### Task description:
Include the line containing "Illumination's Villain-Con Minion" and every line after it up to the end of the material below; reproduce them exactly and drop the pictures.
Recorded data Start Marker
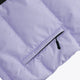Osaka women padded gilet in purple with grey logo. Front flatlay detail pocket view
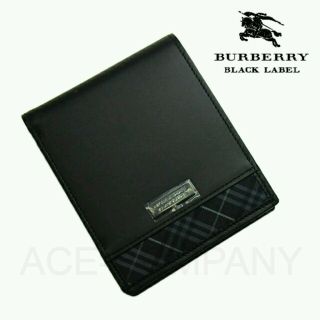 バーバリーブラックレーベル(BURBERRY BLACK LABEL)の新品タグフル装備バーバリーブラックレーベルレザータータンチェック加工財布小銭入付(折り財布)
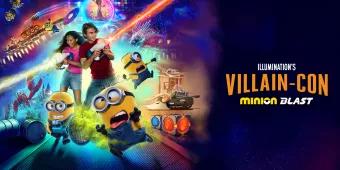 Illumination's Villain-Con Minion Blast Two children using blasters to shoot imaginary lasers, surrounded by Minions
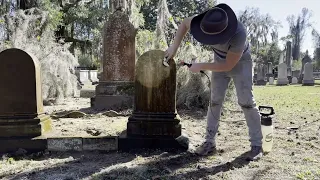 HEADSTONE CLEANING HOW-TO "THE LaROCHE CHILDRENS GRAVES"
Recorded data End Marker
### Answer to the exercise:
 Illumination's Villain-Con Minion Blast Two children using blasters to shoot imaginary lasers, surrounded by Minions
 HEADSTONE CLEANING HOW-TO "THE LaROCHE CHILDRENS GRAVES"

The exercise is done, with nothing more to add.